Aujourd’hui, déguster un vin s'entend par obéir à trois étapes nettement codifiées qui sont LA VUE, L'ODORAT ET LES SENSATIONS EN BOUCHE.
Or, cette procédure qui a l'avantage de séduire les professionnels du vin, œnologues et techniciens essentiellement, leur permet de codifier selon un schéma mathématique ultra basique et simpliste à outrance, un vin qui de toute façon dans leurs esprits n'est qu'une solution hydro alcoolique.

Cette procédure a pourtant deux gros inconvénients de nos jours LE PREMIER, c'est que tout simplement, il ne correspond en rien à ce que le consommateur perçoit de la dite solution hydro alcoolique.

En effet, pour lui, c'est surtout la notion de plaisir qu'il ressent, et de toute manière, s'il se sert de ses yeux, c'est uniquement pour regarder l’étiquette.

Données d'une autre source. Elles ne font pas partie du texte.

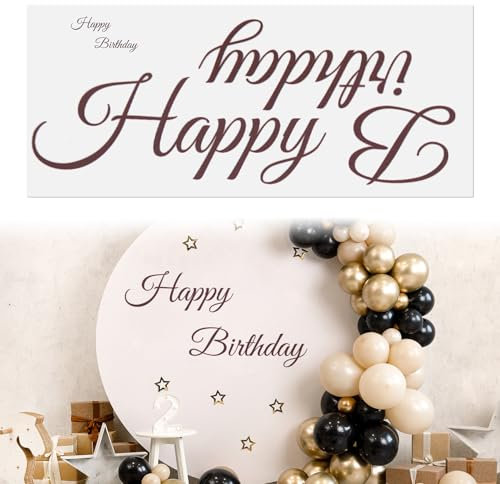 Panneau Joyeux Anniversaire pour Toile De Fond, Grand Panneau Autocollant Joyeux Anniversaire Police Marron Autocollant Joyeux Anniversaire pour Fournitures de Fête d'Anniversaire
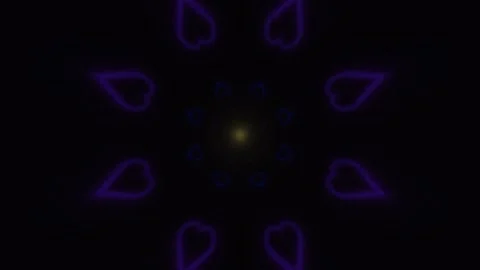 Hypnotic display of glowing hearts in a dark background Stock Footage 339080407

Pour le reste, il se laisse guider par ses sensations.
LA SECONDE, touche les professionnels du vin surtout lorsqu'ils sont producteurs de vin biologique, ou issus de la culture biologique de leur vignoble.

En effet, pour nous, le moins que l'on puisse dire, c'est que le mode de dégustation officiel ne rend pas compte de notre travail et ceci pour des raisons évidentes.

Ainsi, pour la notion de vision du vin, le producteur bio est souvent opposé à la filtration ou au collage des vins et plus généralement à toutes pratiques stressantes pour le vin, ne serait-ce que parce qu'il considère le vin comme un produit vivant avant tout.

Pour le nez, c'est encore plus évident lorsque l'on sait que l'industrie œnologique sélectionne et vend depuis 15 ans des levures choisies pour leurs aptitudes odoriférantes, telle la fameuse levure beaujolaise célèbre pour conférer au vin qui en est issu un parfum de bonbon anglais facilement reconnaissable dans les beaujolais nouveaux.
 
Ainsi à l'image des parfums ou des odeurs distillées dans les grandes surfaces, pour vous faire acheter du pain ou du café, le vin est lui aussi victime de cette dénaturation du nez, qui ne peut dès lors plus correspondre à un critère de qualité.
Pour la bouche, c'est la même chose ; on sélectionne différentes levures selon l'effet recherché, velouté, rondeur, attaque en bouche ou recherche d'une finale sur telle ou telle sensation.
On arrive même à nous proposer des levures qui adoptent le nom d'un cépage, sensé reproduire au plus prêt les caractéristiques gustatives de l'heureux élu, moi j'appelle cela faire PASSER DES VESSIES POUR DES LANTERNES.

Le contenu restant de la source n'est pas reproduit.